▶ _RECORDS FOR THE EXERCISE_
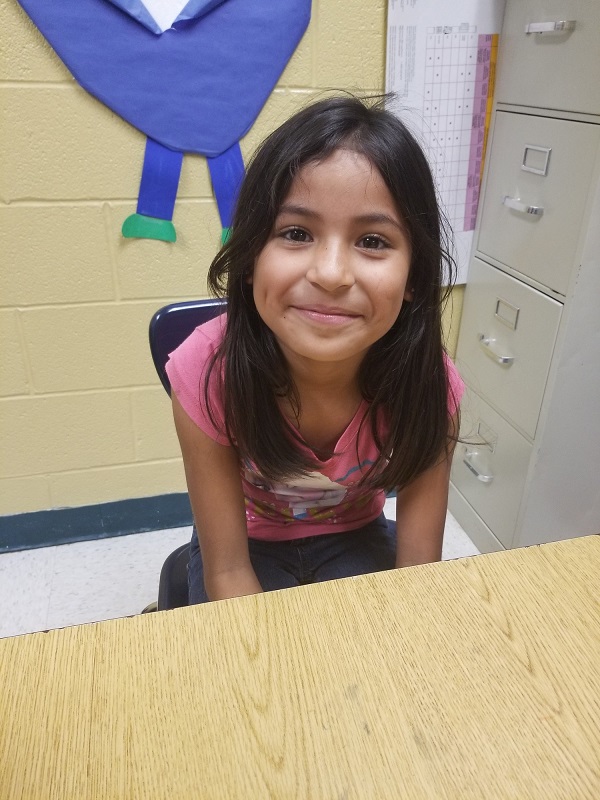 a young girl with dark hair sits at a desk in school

==

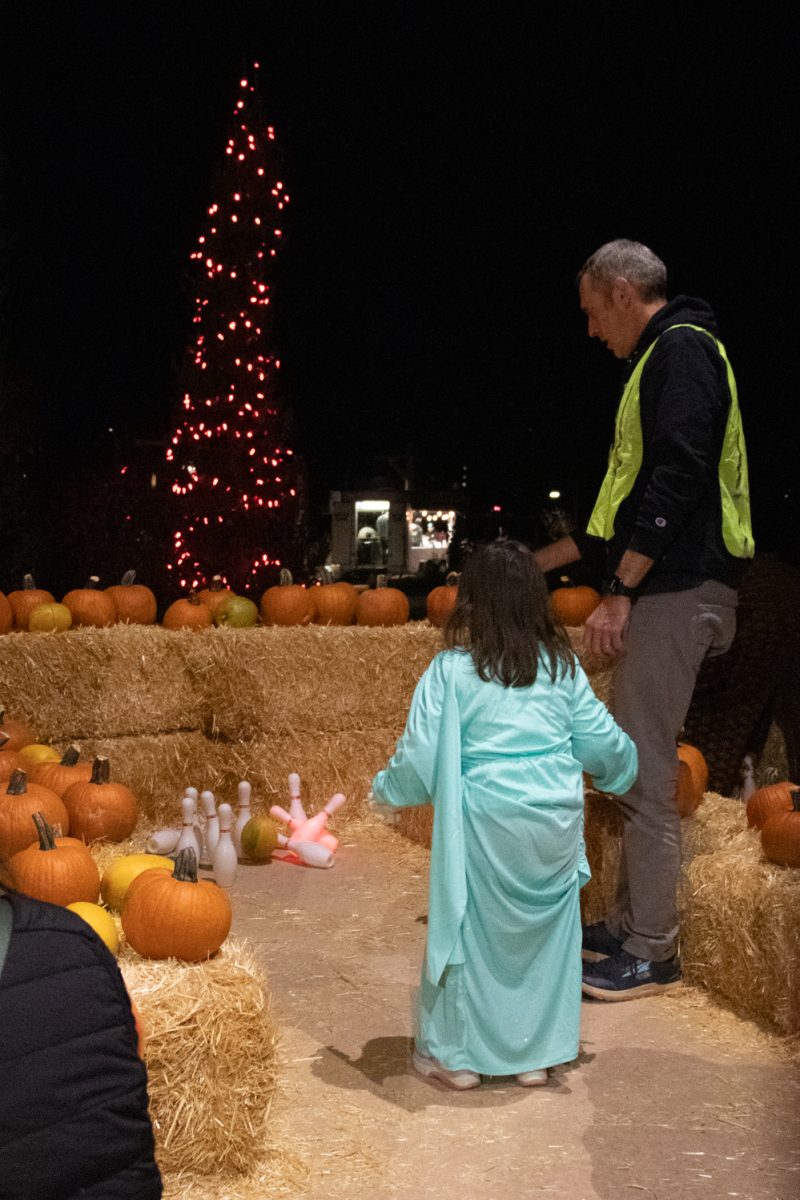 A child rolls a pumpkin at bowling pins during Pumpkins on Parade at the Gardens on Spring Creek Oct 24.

==

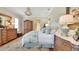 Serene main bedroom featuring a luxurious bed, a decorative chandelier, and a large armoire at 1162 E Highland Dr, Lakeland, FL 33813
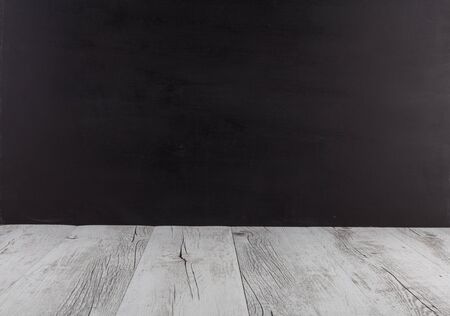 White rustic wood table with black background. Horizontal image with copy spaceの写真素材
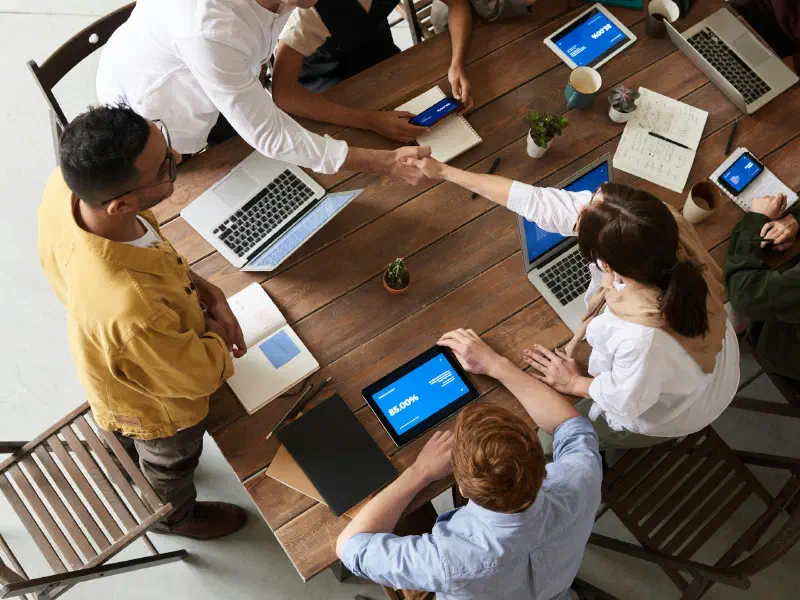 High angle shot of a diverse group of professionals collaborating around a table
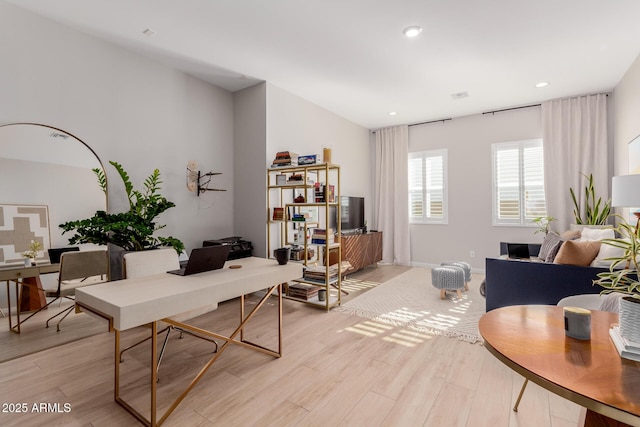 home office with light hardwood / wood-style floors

▶ _WORK REQUEST_
Pictures in the material above should be skipped; print exactly the lines from the one with "Serene main bedroom" through the one with "home office with".

▶ _RESPONSE AREA_
 Serene main bedroom featuring a luxurious bed, a decorative chandelier, and a large armoire at 1162 E Highland Dr, Lakeland, FL 33813
 White rustic wood table with black background. Horizontal image with copy spaceの写真素材
 High angle shot of a diverse group of professionals collaborating around a table
 home office with light hardwood / wood-style floors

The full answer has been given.